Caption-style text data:
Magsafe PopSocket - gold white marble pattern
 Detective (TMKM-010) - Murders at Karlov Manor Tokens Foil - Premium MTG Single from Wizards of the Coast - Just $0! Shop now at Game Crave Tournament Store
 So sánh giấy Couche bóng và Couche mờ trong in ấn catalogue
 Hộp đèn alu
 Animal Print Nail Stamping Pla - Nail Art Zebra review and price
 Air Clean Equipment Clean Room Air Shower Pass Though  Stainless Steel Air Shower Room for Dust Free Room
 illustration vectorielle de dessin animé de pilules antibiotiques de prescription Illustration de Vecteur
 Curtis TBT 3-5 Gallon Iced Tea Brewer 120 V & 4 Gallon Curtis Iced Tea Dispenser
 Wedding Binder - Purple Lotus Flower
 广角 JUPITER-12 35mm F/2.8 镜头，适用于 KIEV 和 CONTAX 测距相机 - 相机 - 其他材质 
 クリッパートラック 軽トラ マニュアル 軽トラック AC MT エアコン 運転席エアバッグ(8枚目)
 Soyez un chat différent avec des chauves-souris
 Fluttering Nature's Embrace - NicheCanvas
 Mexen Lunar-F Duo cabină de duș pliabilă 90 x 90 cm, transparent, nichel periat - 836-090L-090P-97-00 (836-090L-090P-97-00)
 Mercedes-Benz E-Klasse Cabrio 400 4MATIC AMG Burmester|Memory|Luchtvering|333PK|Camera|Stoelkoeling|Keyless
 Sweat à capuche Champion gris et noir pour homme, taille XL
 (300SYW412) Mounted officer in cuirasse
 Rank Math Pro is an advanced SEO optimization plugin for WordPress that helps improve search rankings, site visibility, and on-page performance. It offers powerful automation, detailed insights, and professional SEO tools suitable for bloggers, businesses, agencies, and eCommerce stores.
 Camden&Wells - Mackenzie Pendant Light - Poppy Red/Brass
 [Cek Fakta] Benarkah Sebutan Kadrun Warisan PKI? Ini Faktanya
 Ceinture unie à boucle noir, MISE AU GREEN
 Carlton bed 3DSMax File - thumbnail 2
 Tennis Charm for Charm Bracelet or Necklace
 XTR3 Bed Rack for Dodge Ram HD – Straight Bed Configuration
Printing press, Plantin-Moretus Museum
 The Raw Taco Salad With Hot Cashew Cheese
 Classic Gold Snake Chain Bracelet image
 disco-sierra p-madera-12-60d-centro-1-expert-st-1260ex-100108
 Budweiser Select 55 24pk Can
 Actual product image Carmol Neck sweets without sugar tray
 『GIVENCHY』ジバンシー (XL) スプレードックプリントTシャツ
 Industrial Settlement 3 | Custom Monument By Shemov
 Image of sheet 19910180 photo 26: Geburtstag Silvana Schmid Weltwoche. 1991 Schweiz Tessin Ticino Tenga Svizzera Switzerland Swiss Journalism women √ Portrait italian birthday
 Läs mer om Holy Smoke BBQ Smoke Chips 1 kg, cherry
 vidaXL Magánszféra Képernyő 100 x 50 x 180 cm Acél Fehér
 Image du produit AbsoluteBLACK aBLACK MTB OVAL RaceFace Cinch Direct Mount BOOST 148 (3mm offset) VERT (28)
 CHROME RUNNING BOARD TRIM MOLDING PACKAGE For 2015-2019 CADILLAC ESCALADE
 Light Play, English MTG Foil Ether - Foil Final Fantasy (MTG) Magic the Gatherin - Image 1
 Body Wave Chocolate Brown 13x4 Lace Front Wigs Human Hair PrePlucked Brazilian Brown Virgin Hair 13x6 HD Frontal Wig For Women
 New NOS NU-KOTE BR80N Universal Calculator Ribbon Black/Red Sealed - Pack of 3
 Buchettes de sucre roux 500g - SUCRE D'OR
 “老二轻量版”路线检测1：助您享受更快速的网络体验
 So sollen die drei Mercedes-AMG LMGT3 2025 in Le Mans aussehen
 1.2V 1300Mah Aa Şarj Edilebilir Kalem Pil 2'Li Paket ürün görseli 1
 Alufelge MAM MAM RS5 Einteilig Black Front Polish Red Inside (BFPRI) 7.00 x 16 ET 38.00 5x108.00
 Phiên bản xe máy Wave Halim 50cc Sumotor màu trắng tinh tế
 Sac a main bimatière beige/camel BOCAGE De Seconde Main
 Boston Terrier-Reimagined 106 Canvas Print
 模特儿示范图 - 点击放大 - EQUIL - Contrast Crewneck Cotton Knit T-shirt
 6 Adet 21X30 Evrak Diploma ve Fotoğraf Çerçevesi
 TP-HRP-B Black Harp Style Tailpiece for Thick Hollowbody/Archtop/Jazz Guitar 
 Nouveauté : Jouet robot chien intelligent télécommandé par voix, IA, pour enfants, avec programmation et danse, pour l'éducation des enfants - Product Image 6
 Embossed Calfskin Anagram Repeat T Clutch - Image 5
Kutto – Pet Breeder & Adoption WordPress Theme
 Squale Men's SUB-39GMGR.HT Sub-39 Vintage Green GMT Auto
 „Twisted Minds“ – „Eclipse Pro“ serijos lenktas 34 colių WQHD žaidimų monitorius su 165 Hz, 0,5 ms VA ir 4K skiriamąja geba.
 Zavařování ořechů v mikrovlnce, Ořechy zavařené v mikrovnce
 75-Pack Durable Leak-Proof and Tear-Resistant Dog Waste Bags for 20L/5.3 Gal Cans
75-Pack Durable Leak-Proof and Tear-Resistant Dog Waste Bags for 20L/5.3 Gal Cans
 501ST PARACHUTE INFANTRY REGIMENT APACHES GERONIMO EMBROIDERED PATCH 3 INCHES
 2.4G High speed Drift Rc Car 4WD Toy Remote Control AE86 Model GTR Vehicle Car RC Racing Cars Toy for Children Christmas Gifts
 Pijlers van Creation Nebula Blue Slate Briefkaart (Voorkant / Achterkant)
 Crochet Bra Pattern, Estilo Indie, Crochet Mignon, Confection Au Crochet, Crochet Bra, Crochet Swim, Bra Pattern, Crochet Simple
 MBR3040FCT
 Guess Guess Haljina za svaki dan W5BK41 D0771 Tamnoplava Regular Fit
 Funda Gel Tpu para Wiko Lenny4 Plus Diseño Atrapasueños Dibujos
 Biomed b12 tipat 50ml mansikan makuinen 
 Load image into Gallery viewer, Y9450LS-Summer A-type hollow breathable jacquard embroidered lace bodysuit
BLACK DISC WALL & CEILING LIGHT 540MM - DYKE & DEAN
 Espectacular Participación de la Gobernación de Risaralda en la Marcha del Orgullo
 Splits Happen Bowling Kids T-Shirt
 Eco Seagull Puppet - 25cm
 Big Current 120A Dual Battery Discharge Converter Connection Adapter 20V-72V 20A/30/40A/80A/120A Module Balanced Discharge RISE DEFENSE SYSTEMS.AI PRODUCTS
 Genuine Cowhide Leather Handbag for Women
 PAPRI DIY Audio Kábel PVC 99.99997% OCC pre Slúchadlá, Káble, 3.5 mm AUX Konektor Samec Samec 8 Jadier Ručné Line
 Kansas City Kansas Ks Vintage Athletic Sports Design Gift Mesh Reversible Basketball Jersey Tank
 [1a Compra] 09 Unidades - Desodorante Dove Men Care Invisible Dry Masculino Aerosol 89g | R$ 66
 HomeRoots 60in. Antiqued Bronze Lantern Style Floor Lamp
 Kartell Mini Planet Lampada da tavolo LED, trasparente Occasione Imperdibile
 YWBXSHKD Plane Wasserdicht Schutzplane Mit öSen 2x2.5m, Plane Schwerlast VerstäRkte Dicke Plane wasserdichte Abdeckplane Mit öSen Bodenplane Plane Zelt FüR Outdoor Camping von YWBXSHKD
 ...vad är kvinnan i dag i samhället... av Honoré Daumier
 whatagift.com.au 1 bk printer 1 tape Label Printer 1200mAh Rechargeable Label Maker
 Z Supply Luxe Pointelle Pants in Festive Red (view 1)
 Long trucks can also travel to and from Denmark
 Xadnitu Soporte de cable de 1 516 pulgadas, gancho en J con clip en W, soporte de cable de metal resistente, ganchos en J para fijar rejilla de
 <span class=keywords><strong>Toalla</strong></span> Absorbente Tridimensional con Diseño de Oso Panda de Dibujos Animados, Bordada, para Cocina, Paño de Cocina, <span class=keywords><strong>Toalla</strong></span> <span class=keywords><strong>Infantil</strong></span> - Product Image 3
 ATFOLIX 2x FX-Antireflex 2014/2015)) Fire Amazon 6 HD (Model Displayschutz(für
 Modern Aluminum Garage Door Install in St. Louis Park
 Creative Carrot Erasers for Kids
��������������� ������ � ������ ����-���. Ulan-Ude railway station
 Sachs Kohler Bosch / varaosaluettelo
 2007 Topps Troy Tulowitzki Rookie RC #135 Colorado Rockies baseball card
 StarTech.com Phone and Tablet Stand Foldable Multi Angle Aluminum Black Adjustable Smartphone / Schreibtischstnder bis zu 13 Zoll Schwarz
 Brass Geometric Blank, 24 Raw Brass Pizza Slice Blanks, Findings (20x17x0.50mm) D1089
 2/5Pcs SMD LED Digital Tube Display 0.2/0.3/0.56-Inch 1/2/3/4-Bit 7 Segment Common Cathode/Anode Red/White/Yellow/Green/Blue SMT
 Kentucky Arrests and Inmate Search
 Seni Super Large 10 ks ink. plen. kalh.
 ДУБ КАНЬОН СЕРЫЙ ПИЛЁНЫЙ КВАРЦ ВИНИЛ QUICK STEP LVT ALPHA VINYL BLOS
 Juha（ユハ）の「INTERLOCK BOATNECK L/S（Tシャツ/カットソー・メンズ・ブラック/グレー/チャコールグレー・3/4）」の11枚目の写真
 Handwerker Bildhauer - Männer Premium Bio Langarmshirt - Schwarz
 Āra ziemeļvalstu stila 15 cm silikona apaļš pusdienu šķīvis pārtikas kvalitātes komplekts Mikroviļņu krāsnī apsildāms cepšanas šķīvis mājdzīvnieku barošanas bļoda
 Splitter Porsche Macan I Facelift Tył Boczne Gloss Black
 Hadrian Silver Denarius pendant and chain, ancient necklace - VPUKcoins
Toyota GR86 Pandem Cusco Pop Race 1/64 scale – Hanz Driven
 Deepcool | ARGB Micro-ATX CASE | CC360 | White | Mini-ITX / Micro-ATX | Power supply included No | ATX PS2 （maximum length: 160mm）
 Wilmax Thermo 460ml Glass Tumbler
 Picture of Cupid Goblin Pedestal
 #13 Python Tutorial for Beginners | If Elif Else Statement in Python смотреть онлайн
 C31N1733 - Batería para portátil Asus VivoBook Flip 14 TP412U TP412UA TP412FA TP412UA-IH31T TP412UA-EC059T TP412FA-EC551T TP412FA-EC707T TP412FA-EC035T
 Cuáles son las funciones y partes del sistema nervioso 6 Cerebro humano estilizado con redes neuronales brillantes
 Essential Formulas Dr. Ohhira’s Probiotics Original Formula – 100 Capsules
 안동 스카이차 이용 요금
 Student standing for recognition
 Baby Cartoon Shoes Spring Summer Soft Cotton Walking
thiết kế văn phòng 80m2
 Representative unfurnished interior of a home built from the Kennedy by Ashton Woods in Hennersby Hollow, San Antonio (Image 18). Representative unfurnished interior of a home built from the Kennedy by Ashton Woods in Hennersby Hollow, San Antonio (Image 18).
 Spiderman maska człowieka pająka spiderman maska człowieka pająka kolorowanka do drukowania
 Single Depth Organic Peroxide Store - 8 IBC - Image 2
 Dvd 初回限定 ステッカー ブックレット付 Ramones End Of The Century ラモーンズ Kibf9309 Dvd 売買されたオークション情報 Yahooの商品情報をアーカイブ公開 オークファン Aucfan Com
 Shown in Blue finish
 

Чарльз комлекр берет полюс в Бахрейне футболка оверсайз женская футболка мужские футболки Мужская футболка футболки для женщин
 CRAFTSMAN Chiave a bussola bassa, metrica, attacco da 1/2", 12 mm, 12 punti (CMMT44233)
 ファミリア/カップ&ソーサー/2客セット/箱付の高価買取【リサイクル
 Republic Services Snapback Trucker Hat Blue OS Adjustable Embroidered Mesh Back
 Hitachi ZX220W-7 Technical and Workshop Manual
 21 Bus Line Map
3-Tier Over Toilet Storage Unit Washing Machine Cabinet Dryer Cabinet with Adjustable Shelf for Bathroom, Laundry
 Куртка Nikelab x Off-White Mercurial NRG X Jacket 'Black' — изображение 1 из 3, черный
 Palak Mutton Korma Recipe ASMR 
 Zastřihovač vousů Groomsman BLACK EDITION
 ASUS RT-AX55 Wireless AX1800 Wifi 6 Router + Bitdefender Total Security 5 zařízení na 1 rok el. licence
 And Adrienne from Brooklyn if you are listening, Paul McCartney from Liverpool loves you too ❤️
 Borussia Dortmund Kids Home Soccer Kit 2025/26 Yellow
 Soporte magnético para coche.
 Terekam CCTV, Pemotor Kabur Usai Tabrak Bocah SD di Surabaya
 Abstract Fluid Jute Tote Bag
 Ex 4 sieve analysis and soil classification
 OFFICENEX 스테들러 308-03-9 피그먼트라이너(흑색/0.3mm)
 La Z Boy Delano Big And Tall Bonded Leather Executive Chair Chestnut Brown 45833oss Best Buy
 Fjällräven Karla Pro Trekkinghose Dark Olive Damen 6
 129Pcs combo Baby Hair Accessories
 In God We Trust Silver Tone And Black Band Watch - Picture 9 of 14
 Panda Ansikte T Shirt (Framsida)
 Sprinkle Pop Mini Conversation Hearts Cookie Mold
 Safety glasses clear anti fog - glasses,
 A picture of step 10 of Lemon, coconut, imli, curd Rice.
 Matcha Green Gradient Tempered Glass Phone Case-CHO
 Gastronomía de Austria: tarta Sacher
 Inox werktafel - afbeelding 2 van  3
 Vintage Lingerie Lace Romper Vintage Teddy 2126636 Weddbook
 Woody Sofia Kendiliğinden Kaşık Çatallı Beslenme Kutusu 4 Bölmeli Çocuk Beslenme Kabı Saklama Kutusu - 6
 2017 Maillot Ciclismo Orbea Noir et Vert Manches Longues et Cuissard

WHAT THE TASK ASKS
Set down precisely the lines above between the line holding "Чарльз комлекр берет" and the line holding "21 Bus Line Map", inclusive, and nothing beyond them.

EXERCISE OUTPUT
Чарльз комлекр берет полюс в Бахрейне футболка оверсайз женская футболка мужские футболки Мужская футболка футболки для женщин
 CRAFTSMAN Chiave a bussola bassa, metrica, attacco da 1/2", 12 mm, 12 punti (CMMT44233)
 ファミリア/カップ&ソーサー/2客セット/箱付の高価買取【リサイクル
 Republic Services Snapback Trucker Hat Blue OS Adjustable Embroidered Mesh Back
 Hitachi ZX220W-7 Technical and Workshop Manual
 21 Bus Line Map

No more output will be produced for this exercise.